On my screen the 120 character limit works well. People should look at how WebKit wraps function parameters and if statements.

I have two new settings. The first is to change NamespaceIndentation: Inner to None. It's just simpler and saves some columns. The other is to use the C++11 standard (if we are able). This primarily affects (improves) the spacing of nested templates. EG:

Vector<SharedPtr<Vm> > vmList; // C++03
Vector<SharedPtr<Vm>> vmList; // C++11
fjeremic commented 7 years ago

Vector<SharedPtr > vmList; // C++03 Vector<SharedPtr> vmList; // C++11

Unfortunately xlC will not like the C++11 syntax and will fail to compile :disappointed:

dsouzai commented 6 years ago

This issue hasn't received any love for about a year.
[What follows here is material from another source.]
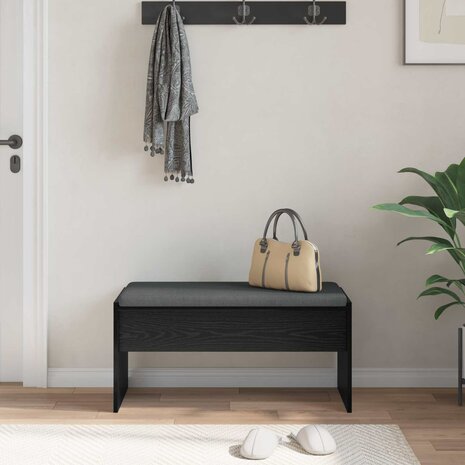 Halbank met kussen Zwart Eiken 80 x 38 x 46 cm 4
Now that we have a decent setup in terms of jobs running on a PR, perhaps having an automatic code formatter job on modified files in the PR would be useful? That way we don't need a massive commit resulting in tons of merge conflicts, but rather, the code will slowly but surely approach a consistent coding format.
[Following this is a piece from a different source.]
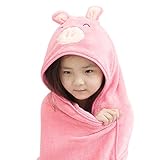 ベビー用　バスタオル　クローク　ブランケット　キッズ用　タオル　フード付き　カートン　動物　可愛い　多機能 (豚)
rwy7 commented 5 years ago

Well, once again, I’d like to open the discussion around adopting a new universal code format for OMR. Now that we’re into the winter slump of activity in OMR, it might be our best chance to reformat the code base and minimize the negative impact on developers.
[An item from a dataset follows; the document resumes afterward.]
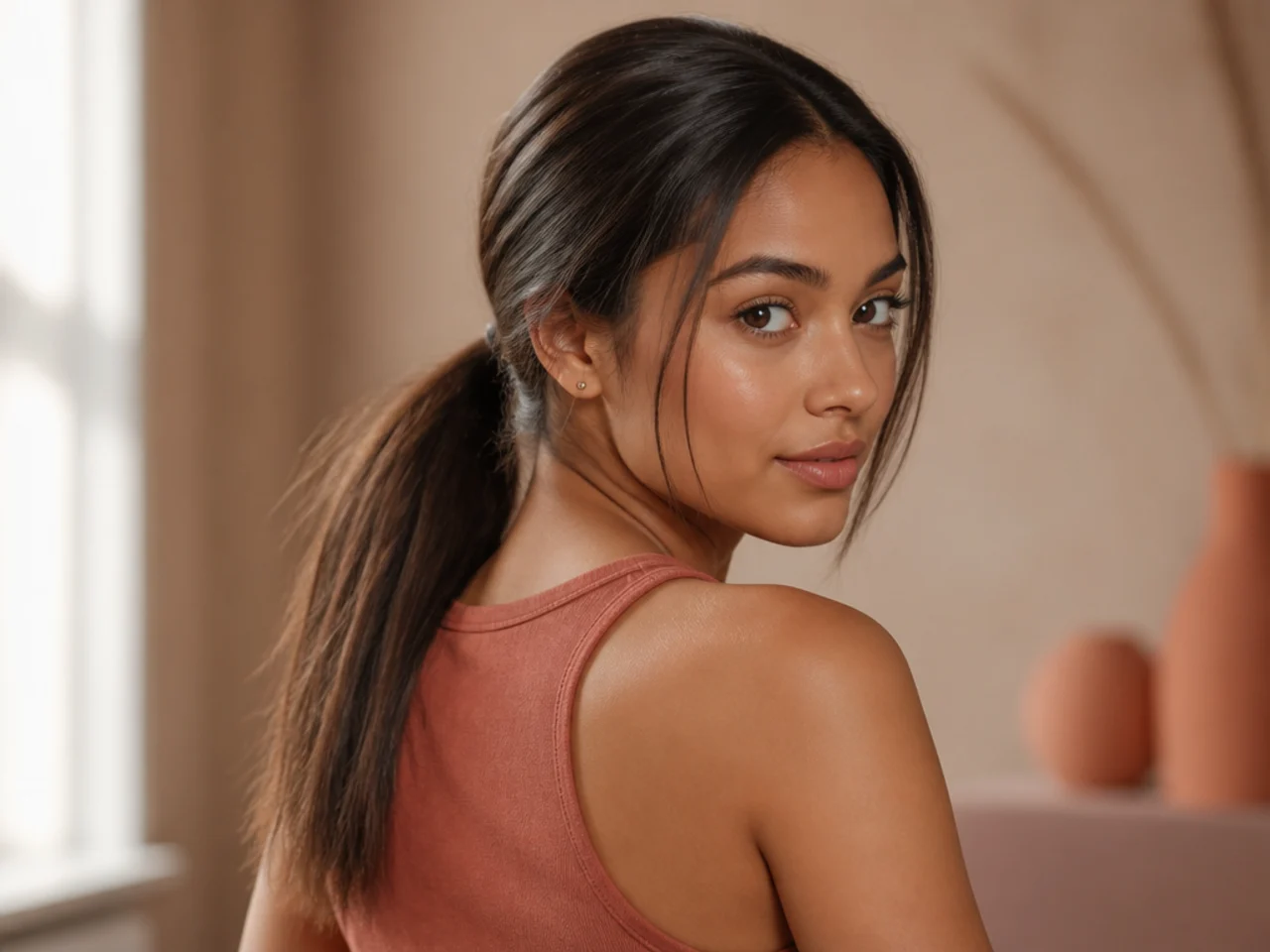 A ponytail slipping on wash-day hair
There is an ongoing discussion in #committers-public, where we are finalizing a coding format and clang-config. Based on the above discussions, we’ve started with a webkit style. The focus now is to iron out smaller issues where the defaults don't work. If you have any opinions or concerns, please voice them (here or on slack). I’ll update this issue when the format is semi-finalized.

I know many developers may already be on vacation, so depending on participation, it might be best to pause the discussion until the new year. I don't want this to fly under the radar. But, if we’re going to take advantage of the timing, it makes sense to move quickly. If we can reach a consensus, I’d like to start working on an adoption schedule soon.

rwy7 commented 5 years ago

I've opened PR #3390, which adds a clang format to OMR, in a webkit style.